ShatnersWigIsActuallyAMammoth ·
23/04/2019 15:11
Saturday night, forthcoming bride and groom had a drinks at a pub for those who couldn't make stag or hen (although those who had been on those other events still went).
Discovered yesterday that very good friend of mine drove home. I don't know how much he had had to drink as I was only there two hours but many pints and some shots.
He knows he shouldn't have done it. I'm amazed he wasn't stopped as he had to drive through town (total journey 3 miles) and with it being bank holiday weekend and about 1.30 am there would have been plenty of police around.
Apparently this is "only" the second time he has done it, last time being about 20 years ago. He is well aware he shouldn't have done it, is rather mortified it happened at all but when he told me I called him a cunt (a word I have never uttered before) for endangering not just his own life but other people's.
He and his wife regularly get pissed - usually drive in, leave one car overnight in their work secure car park and then taxi home and then come and pick car up the next day.
I've been concerned for some time about the amount they drink but especially him. He has health issues, has put on a lot of weight and his mother in law (alcoholic) died aged 60 last year.
I said that the obvious answer is to always walk in or taxi in, then there is no danger of it being repeated. Or better still, drink a damn sight less. I rarely drink more than one glass of wine but if I do, I use the bus. Apparently reducing his intake is not an option.
I've been socialising less with them lately as their life revolves too much about going out for drinks rather than doing stuff. I've mentioned to another very close friend that this guy is a functioning alcoholic and that while I am happy to go out with them if we're doing things, if it is literally "pub?" I'm not going as I don't want to be enabling this behaviour. Friend seems to think it is not an issue. Another of our mutual friends (a dry alcoholic) also thinks this guy is a functioning alcoholic and is also only meeting up if we're doing things non-pub related now.

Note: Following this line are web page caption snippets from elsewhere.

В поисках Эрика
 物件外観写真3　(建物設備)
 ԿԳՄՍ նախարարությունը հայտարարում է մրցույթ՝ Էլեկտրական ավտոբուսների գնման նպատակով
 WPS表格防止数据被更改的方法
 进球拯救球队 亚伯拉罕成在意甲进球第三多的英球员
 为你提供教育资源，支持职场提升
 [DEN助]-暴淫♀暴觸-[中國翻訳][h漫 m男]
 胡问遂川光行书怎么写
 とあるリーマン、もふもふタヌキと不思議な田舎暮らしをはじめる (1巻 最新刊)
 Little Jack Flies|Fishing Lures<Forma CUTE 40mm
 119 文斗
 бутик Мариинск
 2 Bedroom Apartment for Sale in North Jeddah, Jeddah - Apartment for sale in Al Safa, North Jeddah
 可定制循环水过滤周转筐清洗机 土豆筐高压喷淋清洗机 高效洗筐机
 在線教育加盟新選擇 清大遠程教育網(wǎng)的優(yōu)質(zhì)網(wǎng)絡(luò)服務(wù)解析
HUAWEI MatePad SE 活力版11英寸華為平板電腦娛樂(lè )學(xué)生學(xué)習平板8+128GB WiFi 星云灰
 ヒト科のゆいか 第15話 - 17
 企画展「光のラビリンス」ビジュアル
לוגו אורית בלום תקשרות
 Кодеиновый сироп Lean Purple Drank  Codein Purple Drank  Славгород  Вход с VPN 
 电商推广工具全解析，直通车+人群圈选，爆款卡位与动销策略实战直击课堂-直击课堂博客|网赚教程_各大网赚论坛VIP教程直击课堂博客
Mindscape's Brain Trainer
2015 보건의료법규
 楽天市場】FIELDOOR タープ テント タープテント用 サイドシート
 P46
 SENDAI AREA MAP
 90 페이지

Sigh. Was I being unreasonable calling him a cunt? Am I being unreasonable in suggesting to another friend that she is enabling them by continuing to drink with them (she doesn't drink a lot herself but never used to drink at all)? If we go out to a film or go round their house to watch a film, they won't drink - but if they know someone else will go to the pub with them it's like they've been given permission to get pissed every weekend.